I have a use case where I need to ingest files from a directory into HDFS. As a POC, I used simple Directory Spooling in Flume where I specified the source, sink and channel and it works fine. The disadvantage is that I would have to maintain multiple directories for multiple file types that go into distinct folders in order to get greater control over file sizes and other parameters, while making configuration repetitive, but easy.

As an alternative, I was advised to use regex interceptors where multiple files would reside in a single directory and based on a string in the file, would be routed to the specific directory in HDFS. The kind of files I am expecting are CSV files where the first line is the header and the subsequent lines are comma separated values.

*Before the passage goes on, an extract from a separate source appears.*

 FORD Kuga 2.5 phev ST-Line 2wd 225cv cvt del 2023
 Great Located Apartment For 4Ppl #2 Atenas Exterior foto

With this in mind, I have a few questions.

  1. How do interceptors handle files?
  2. Given that the header line in the CSV would be like ID, Name followed in the next lines by IDs and Names, and another file in the same directory would have Name, Address followed in the next line by names and address, what would the interceptor and channel configuration look like for it to route it to different HDFS directories?
  3. How does an interceptor handle the subsequent lines that clearly do not match the regex expression?
  4. Would an entire file even constitute one event or is it possible that one file can actually be multiple events?

Please let me know. Thanks!

回答1:

For starters, flume doesn't work on files as such, but on a thing called events. Events are Avro structures which can contain anything, usually a line, but in your case it might be an entire file.

An interceptor gives you the ability to extract information from your event and add that to that event's headers. The latter can be used to configure a traget directory structure.

In your specific case, you would want to code a parser that analyses the content of you event and sets a header value, for instance sub path:

if (line.contains("Address")) {
    event.getHeaders().put("subpath", "address");
else if (line.contains("ID")) {
    event.getHeaders().put("subpath", "id");
}

You can then reference that in your hdfs-sink confirguration as follows:

hdfs-a1.sinks.hdfs-sink.hdfs.path = hdfs://cluster/path/%{subpath}

As to your question whether multiple files can constitute an event: yes, that's possible, but not with the spool source. You would have to implement a client class which speaks to a configured Avro source. You would have to pipe your files into an event and send that off. You could then also set the headers there instead of using an interceptor.